Debates about how to provide lower-income Americans with greater economic security often center around increasing wages. But millions of workers may be on the brink of receiving a significant boost in their income thanks to a change in a policy that is rarely mentioned: overtime pay.

According to Politico, as early as this week the Department of Labor could propose a rule that would dramatically increase the percentage of the workforce eligible for overtime, a regulation that has been updated only once in the past 40 years.

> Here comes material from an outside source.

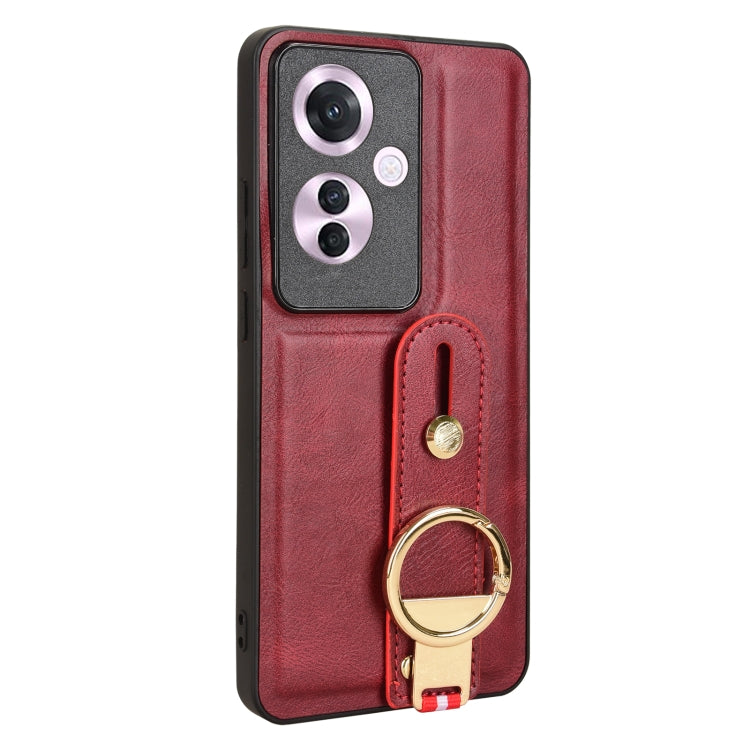For OPPO Reno11 PJH110 Wristband Leather Back Phone Case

Currently, if you make more than $23,660 a year, your employer is under no obligation to pay you the standardized overtime rate of 1.5 times regular pay for working more than 40 hours a week. But now the Labor Department is contemplating more than doubling that threshold to $52,000, according to Politico's report. That increase would have an enormous impact on the economy, raising pay for millions of overworked Americans and causing businesses nationwide to re-evaluate how many hours they expect their employees to work. 

U.S. Department of Labor/Flickr

How big is this? Unlike raising the minimum wage, increasing the overtime pay threshold can be done unilaterally by the Obama administration. The Department of Labor needs no outside approval in order to update the rule.

"This is probably the most significant step they can take to raise wages for millions of workers," Bill Samuel, legislative affairs director at the AFL-CIO, told Politico.

But the ease with which this can be achieved — a unusual scenario in deadlocked Washington — shouldn't suggest that determining the exact threshold is a simple decision.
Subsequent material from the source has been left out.